Michigan utility regulators approved a new policy this spring to replace net metering for investor-owned utilities, but the debate over how to fairly compensate customers for surplus solar power continues to play out in parts of the state not covered by the rules.
In Grawn, Michigan, where the Cherryland cooperative board met Monday, directors voted to lower the rate and cap projects in the program at 100 kW, changes its general manager said were needed to protect other customers.
But they’re frustrating to members like Garthe, who is also involved with a group called Northport Energy that’s pushing for the nearby Leelanau Township to be powered by 100 percent renewables and serve as a model for other small municipalities. According to group members, their efforts are being stymied by the electric co-op due to compensation rates that would make solar projects uneconomic.
“Our goal is to be 100 percent renewable energy with massive increases in solar,” said Steve Smiley, an advocate with Northport Energy. “We need incentives and programs to do that, not programs that eliminate it.”
‘Reduce the subsidy’
Cherryland was the first utility in Michigan to launch a community solar program. It had a net metering program in place for about a decade, but General Manager Tony Anderson said it has been gradually moving away from that model.
Nearly two years ago, Cherryland reduced its net metering rate to the avoided cost of power “to incentivize people to size to their usage,” he said. Cherryland’s net metering program reimburses members for excess power at 5.6 cents per kWh.

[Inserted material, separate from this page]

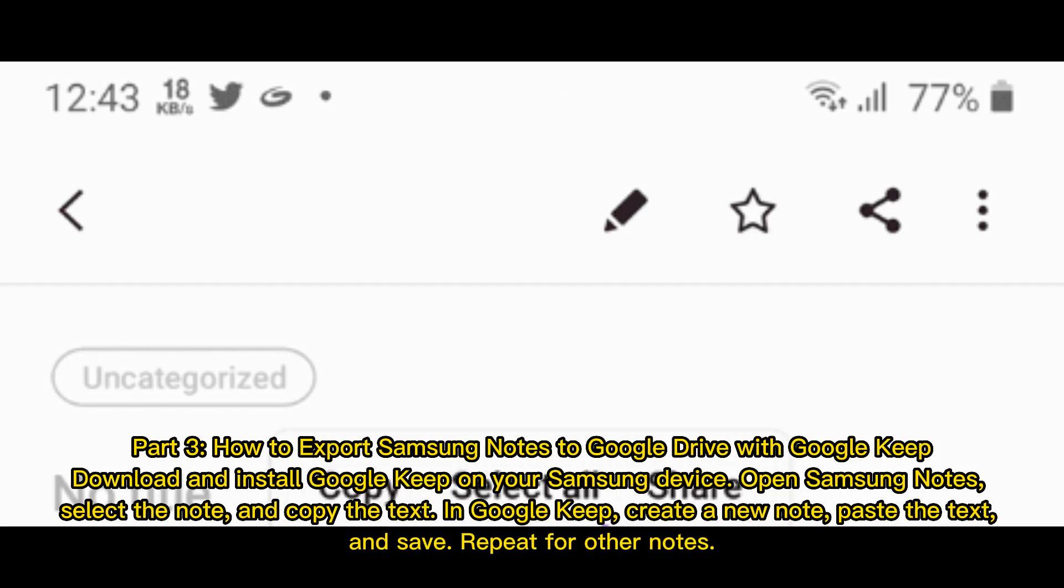Part 3: How to export Samsung Notes to Google Drive with Google Keep. Download and install Google Keep on your Samsung device. Open Samsung Notes, select the note, and copy the text. In Google Keep, create a new note, paste the text, and save. Repeat for other notes.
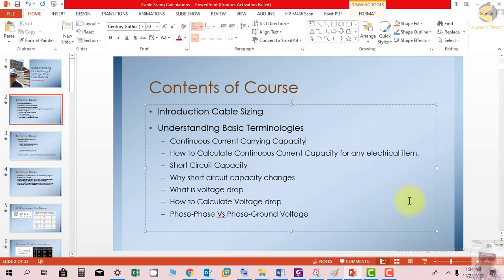Welcome, let's start our course with an introduction to cable sizing. Whenever you want to connect an electrical appliance or a load to a specific source, the first question asked is: what cable size should be used? There are a lot of factors to consider when deciding cable size, such as current carrying capacity, load current, and the short circuit level of the system.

Cherryland and its power supplier, Wolverine Power Supply Cooperative, also started offering a buy-all-sell-all program, in which members purchase their electric needs upfront and sell back their generation to the utility. Initially the rate was 10 cents per kWh. This past spring, the 10 MW program cap quickly filled up due to interest from developers. Cherryland comprises about a quarter of the 10 MW program through Wolverine.
Roughly 50 to 60 members participate in net metering or buy-all-sell-all, Anderson said. The strong interest at 10 cents per kWh led Wolverine and Cherryland to scale back the rates.
“We wanted to keep offering buy-all-sell-all but wanted to reduce the subsidy as well,” Anderson said, referring to the costs incurred by all members to buy that power at 10 cents. “We feel utility-scale solar and wind is a better deal and we need to reduce the subsidy.”
Anderson did not have an estimate on what the current subsidy is by other members. Critics say there is no subsidy due to the grid benefits of distributed generation, and because Cherryland’s retail rates for residential customers is more than 10 cents per kWh.
‘A little frustrated’
Dan Worth, clean energy policy specialist with the Traverse City-based Groundwork Center for Resilient Communities, said Cherryland’s latest buy-all-sell-all plan may discourage local projects.
“We’re a little frustrated,” he said. “I think saying it kills solar is probably too strong, but this discourages a lot of projects, companies and homeowners who were interested in doing solar themselves.”
“There’s nobody interested anymore” in installing their own projects, said Tom Gallery, owner of Leelanau Solar LLC. Gallery is also involved with Northport Energy and has been a Cherryland member for 40 years.
Anderson disagrees that the utility is being unfair to members seeking to install solar, and said “time will tell” on whether it stifles projects.
“The fact remains that in the last 18 months we put 11.5 MW of solar into the Wolverine system that we didn’t have before,” Anderson said. “We’re choosing to celebrate that and not panic about what comes in the future. We’re just trying to run a good business and keep rates affordable.”
Anderson said his role is to balance the interests of members who want to install solar with the rest of the rate base.
“Going forward, we will always need to have a solar program,” he said. “But it has to be fair to every member. We’re trying to find that fairness.”
For those seeking the benefits of solar, though, the fairness appears to have shifted.
“It’s been our goal to be as self-sufficient as possible,” Garthe said of the family farm and Northport Energy. “It doesn’t look like we’re getting a whole lot of support from the electric company.”